Cursor -> turbopuffer, cutting costs by 20x

Cursor switched from a vector database with a traditional storage architecture to turbopuffer, cutting costs by 20x and unlocked the ability to scale effortlessly as they grow.

20x

cost reduction

100B+

vectors stored

10GB/s

write peaks

10M+

namespaces

turbopuffer is one of the few pieces of infrastructure we haven’t had to worry about as we’ve scaled. Since day one, turbopuffer has felt like they were part of our team.

Sualeh Asif

Sualeh Asif, Co-founder and CTO

Why turbopuffer?

turbopuffer’s serverless architecture with unlimited namespaces was a natural fit for Cursor’s namespace-per-codebase use case. Active codebase namespaces are loaded into the memory/NVMe cache, and inactive codebase indexes fade into object storage.
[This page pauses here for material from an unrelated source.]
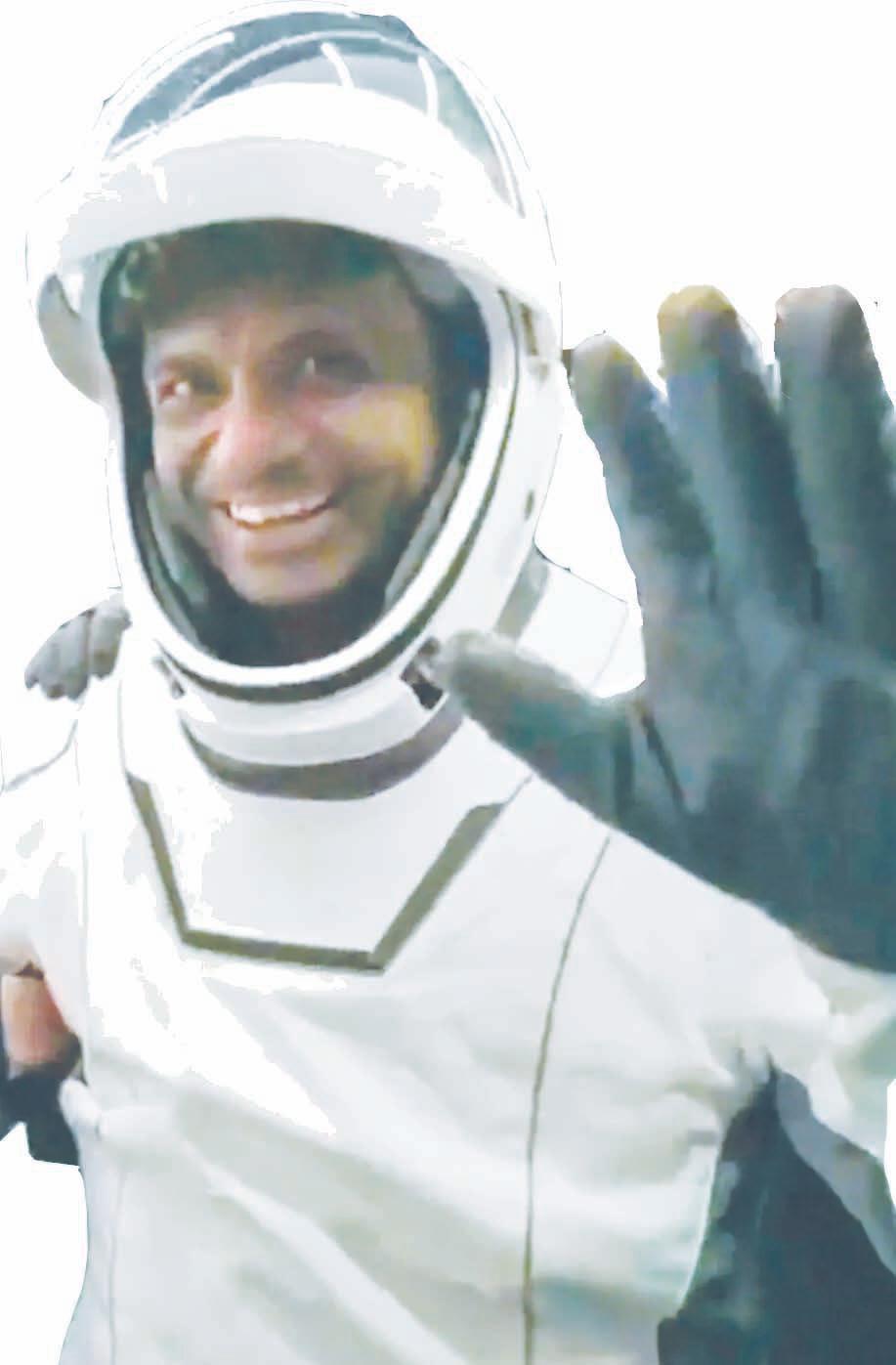 അഭിമാനം ശുഭാംശു തിരിച്ചെത്തി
This cold/warm set of tradeoffs was a perfect fit for Cursor to realize dramatic cost reduction without degrading performance. Unlimited namespaces mean the Cursor infrastructure team no longer has to manually balance codebase indexes to servers.

Results

Cursor migrated to turbopuffer in November 2023 and experienced:

  1. 20x cost reduction
  2. Unlimited namespaces in a fully serverless model; no more bin-packing codebase vector indexes to servers
  3. Peak ingestion of 1M+ writes/second, for faster migrations and indexing

turbopuffer in Cursor

turbopuffer powers code retrieval features in Cursor to populate the context window with code searches when appropriate. In the example below, Cursor draws on turbopuffer to semantically search across the codebase.

Codebases opened in Cursor are chunked and embedded with Cursor’s own embedding model. Each (user_id, codebase) is a separate namespace in turbopuffer, and Cursor employs various mechanisms like copy_from_namespace to recycle embedding vectors between namespaces.